バイデン氏の決断を
もっとも左右するのはジル夫人
バイデン氏自身が、再選に向け意気軒高であったとしても、この先、撤退を余儀なくされる要素は、下記の通り、いくつもある。
○ジル夫人など家族の反対
現状では、ジル夫人らはバイデン氏に戦いの続行を求め、支援する姿勢。
○大口献金者の反対
ディズニー家の財産相続人アビゲイル・ディズニー氏は、「バイデン氏では勝てない」と、バイデン氏の陣営への選挙資金の提供を停止する動きを見せ、慈善家で起業家のギデオン・スタイン氏は、すでに350万ドル(約5億6000万円)の献金を保留。
○主要メディアの反対
バイデン氏と同い年で著名なジャーナリスト、ボブ・ウッドワード氏や、有力紙ニューヨーク・タイムズなどが撤退を求めている。
○民主党議員団の反対
バイデン氏を支える側の民主党議員が公然と身を退くよう求め、集団で撤退を求める動きに発展。
これらのうち、バイデン氏の判断を左右するのは、ジル夫人だ。
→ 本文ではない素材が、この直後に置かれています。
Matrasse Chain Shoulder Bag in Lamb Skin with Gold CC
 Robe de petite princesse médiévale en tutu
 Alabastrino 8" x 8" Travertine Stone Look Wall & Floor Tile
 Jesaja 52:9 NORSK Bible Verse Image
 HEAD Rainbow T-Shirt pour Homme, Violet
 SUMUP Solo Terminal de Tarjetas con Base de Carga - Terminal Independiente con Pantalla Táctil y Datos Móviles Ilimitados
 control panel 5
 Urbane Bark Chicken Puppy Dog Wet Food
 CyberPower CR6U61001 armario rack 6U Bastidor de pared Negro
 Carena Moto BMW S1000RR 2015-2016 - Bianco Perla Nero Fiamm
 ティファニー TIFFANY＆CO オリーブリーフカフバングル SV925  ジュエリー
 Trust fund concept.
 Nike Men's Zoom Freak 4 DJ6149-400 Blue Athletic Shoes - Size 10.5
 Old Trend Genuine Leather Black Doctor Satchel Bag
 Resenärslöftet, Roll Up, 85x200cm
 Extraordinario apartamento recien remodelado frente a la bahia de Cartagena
ジル夫人は、討論会後の6月29日、ニューヨーク州イーストハンプトンで、詰めかけた寄付者に「彼だけがふさわしい人物です」と強調し、ヴォーグ誌8月号では、「私たちは戦い続ける」と明言している。
ジル夫人は元高校教師でバイデン氏の2人目の妻だ。バイデン氏が最初の妻と長女を交通事故で失った後、再婚した相手だ。その後、長男にも先立たれたバイデン氏を精神的に支えてきたジル夫人は、バイデン氏にとって、人生を取り戻してくれた存在であり、何でも話せる唯一無二の親友でもある。
そんな彼女が、「ジョー、もう降りた方がいい」と進言すれば、バイデン氏はその歩みを止めると筆者は見ている。ジル夫人がこれまでどおり「GOサイン」を出し続けるか、それとも一転して勇気ある撤退を勧めるか、選挙の行方は73歳のファーストレディにかかっていると言ってもいい。